インタビュー & 特集

INTERVIEW!現代能楽集Ⅷ 『道玄坂綺譚』一路真輝さん

能楽の世界を三島由紀夫が近代劇として翻案したものを、さらに劇作家・演出家として演劇界を牽引しているマキノノゾミさんが現代劇として書き下ろす『道玄坂綺譚(どうげんざかきたん)』。『卒塔婆小町』、『熊野(ゆや)』の二つの作品が同時進行。二重、三重のワクワク感が隠された新作が生まれます。(撮影/熊谷仁男、文/小柳照久、ヘアメイク/岩井マミ〈M CO;LTD〉、スタイリング/遠山真紀〈M CO;LTD〉)

INTERVIEW & SPECIAL 2015 10/2 UPDATE

――一路さんというとミュージカル女優というイメージが強かったんですが、最近はストレートプレイも多いですね。
昨年『ガラスの仮面』の月影千草役をやらせていただいたんですが、その後、石井ふく子さんプロデュースの『おんなの家』での葵役、翻訳劇『スワン』でドラ役、その後、今年に入って時代劇『春日局』でのお江与役など、ミュージカルじゃない舞台が続きました。

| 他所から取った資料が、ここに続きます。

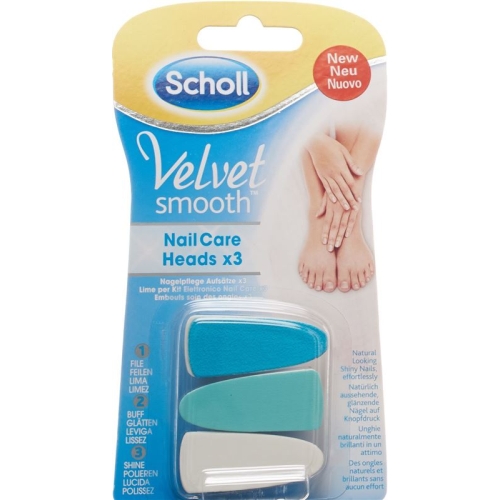 Scholl Velvet Smooth Nail Care essays 3 pcs buy online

そして最近は『シャーロック ホームズ2 〜ブラッディ・ゲーム〜』のワトソン役で久しぶりにミュージカルをやらせていただいたので、昨年は比重でいうとミュージカルじゃない作品が多い1年でした。
――ミュージカルだとクライマックスになるとオーケストラが鳴って盛り上がりますが、ストレートプレイのお芝居における難しさや面白さはいかがなものですか?
ミュージカルは音楽の力が大きくて、作詞家・作曲家によって確実な起伏がつくられています。もちろん、それを歌いこなすのは役者の力なんですけれど。それに慣れていたので、音楽なしの空間で、自分の気持ちだけでお芝居をクライマックスに持っていくというのは、最初は不安でした。「これで良いのかな?」って。ただ、この経験があってこそ、ミュージカルの舞台に戻った時に「鬼に金棒」(笑)になれるかもしれないなというのもあって、今、ストレートプレイを楽しんでいます。
――ストレートプレイの場合、無音の中でセリフの粒が立っていき、客席も深く深くセリフに集中していく感がありますね。
それは舞台上からも感じます。お客様と舞台上の人間が一つのものに集中している空間が大好きなんですが、ストレートプレイだとそれをより強く感じます。音楽が鳴っている時は発散型でしたが、芝居だけだと集中力が一つになるときがわかりやすくて、それはとても恐いけれど、演じていて何とも言えない時間でした。やってみないとわからないことってあるんですね。
私はミュージカルの出演が多かったのですが、プライベートで観るときは、実はストレートプレイが好きなんです。同じフィールドのものは、手の内がわかっちゃうことがあるんですよ。例えば、このメロディが流れてくるということは、次はこういう展開になるのかなって。ストレートプレイは未知の世界なので、そういうことを感じることなく楽しんでいたんです。でも、いざやってみたら、本当に手ごわい。本気で芝居というものにぶつかってみて、また芝居の観方が変わってくるという、面白い現象が起きています。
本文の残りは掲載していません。